FOR MORE INFORMATION: https://phys.org/news/2022-09-climate-lakes-blue.html

Changes to Florida’s climate threaten oyster reefs, researchers warn

With temperatures rising globally, cold weather extremes and freezes in Florida are diminishing—an indicator that Florida’s climate is shifting from subtropical to tropical. Tropicalization has had a cascading effect on Florida ecosystems. In Tampa Bay and along the Gulf Coast, University of South Florida researchers found evidence of homogenization of estuarine ecosystems.

While conducting fieldwork in Tampa Bay, lead author Stephen Hesterberg, a recent graduate of USF’s integrative biology doctoral program, noticed mangroves were overtaking most oyster reefs—a change that threatens species dependent on oyster reef habitats. That includes the American oystercatcher, a bird that the Florida Fish and Wildlife Conservation Commission has already classified as “threatened.”

Working alongside doctoral student Kendal Jackson and Susan Bell, distinguished university professor of integrative biology, Hesterberg explored how many mangrove islands were previously oyster reefs and the cause of the habitat conversion. 

The interdisciplinary USF team found the decrease in freezes allowed mangrove islands to replace the previously dominant salt marsh vegetation. For centuries in Tampa Bay, remnant shorelines and shallow coastal waters supported typical subtropical marine habitats, such as salt marshes, seagrass beds, oyster reefs and mud flats.

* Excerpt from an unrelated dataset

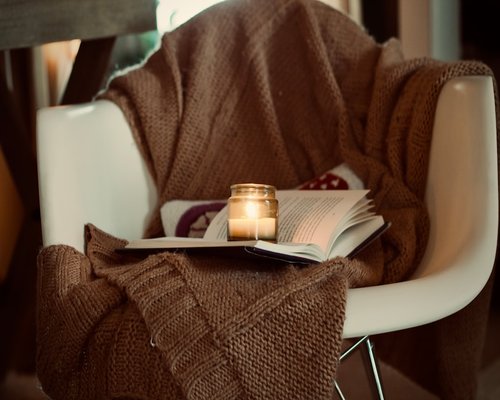 Warm evening reading space for a quiet break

When mangroves along the shoreline replaced the salt marsh vegetation, they abruptly took over oyster reef habitats that existed for centuries.

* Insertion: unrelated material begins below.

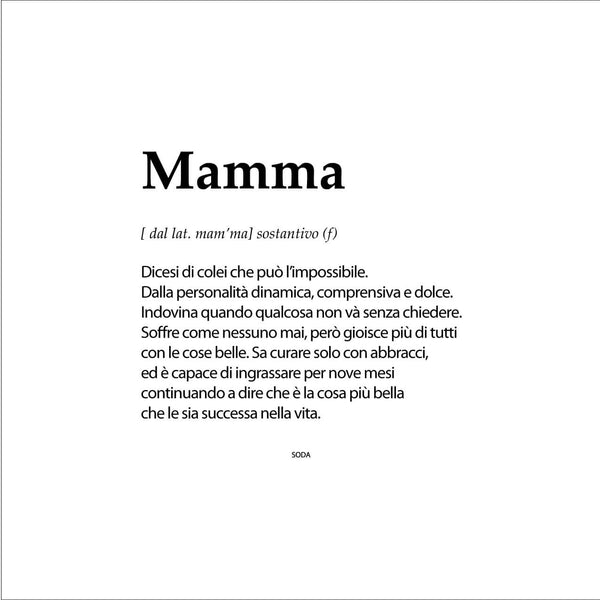 SODA - Cuscino Festa della MAMMA - definizione mamma nero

“Rapid global change is now a constant, but the extent to which ecosystems will change and what exactly the future will look like in a warmer world is still unclear,” Hesterberg said. “Our research gives a glimpse of what our subtropical estuaries might look like as they become increasingly ‘tropical’ with climate change.” 

The study, published in the Proceedings of the National Academy of Sciences, shows how climate-driven changes in one ecosystem can lead to shifts in another.Using aerial images from 1938 to 2020, the team found 83% of tracked oyster reefs in Tampa Bay fully converted to mangrove islands and the rate of conversion accelerated throughout the 20th century. After 1986, Tampa Bay experienced a noticeable decrease in freezes—a factor that previously would kill mangroves naturally.

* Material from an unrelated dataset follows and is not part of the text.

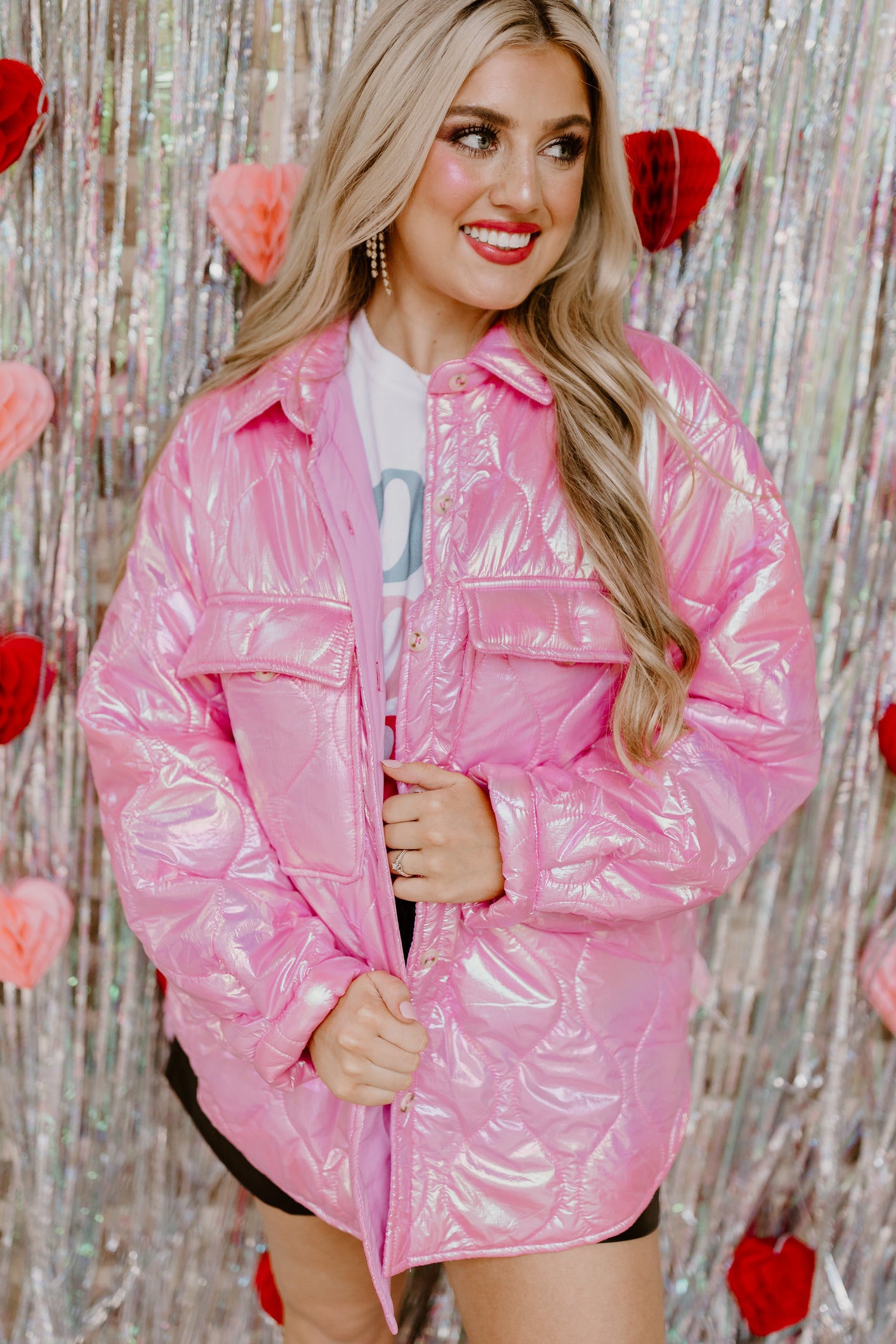 Pink Iridescent Puffer Jacket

“As we change our climate, we see evidence of tropicalization—areas that once had temperate types of organisms and environments are becoming more tropical in nature,” Bell said. She said this study provides a unique opportunity to examine changes in adjacent coastal ecosystems and generate predictions of future oyster reef conversions.

While the transition to mangrove islands is well-advanced in the Tampa Bay estuary and estuaries to the south, Bell said Florida ecosystem managers in northern coastal settings will face tropicalization within decades. 

“The outcome from this study poses an interesting predicament for coastal managers, as both oyster reefs and mangrove habitats are considered important foundation species in estuaries,” Bell said. 

Oyster reefs improve water quality and simultaneously provide coastal protection by reducing the impact of waves. Although mangroves also provide benefits, such as habitat for birds and carbon sequestration, other ecosystem functions unique to oyster reefs will diminish or be lost altogether as reefs transition to mangrove islands. Loss of oyster reef habitats will directly threaten wild oyster fisheries and reef-dependent species.

Although tropicalization will make it increasingly difficult to maintain oyster reefs, human intervention through reef restoration or active removal of mangrove seedlings could slow or prevent homogenization of subtropical landscapes—allowing both oyster reefs and mangrove tidal wetlands to co-exist.

Hesterberg plans to continue examining the implications of such habitat transition on shellfisheries in his new role as executive director of the Gulf Shellfish Institute, a non-profit scientific research organization. He is expanding his research to investigate how to design oyster reef restoration that will prolong ecosystem lifespan or avoid mangrove conversion altogether.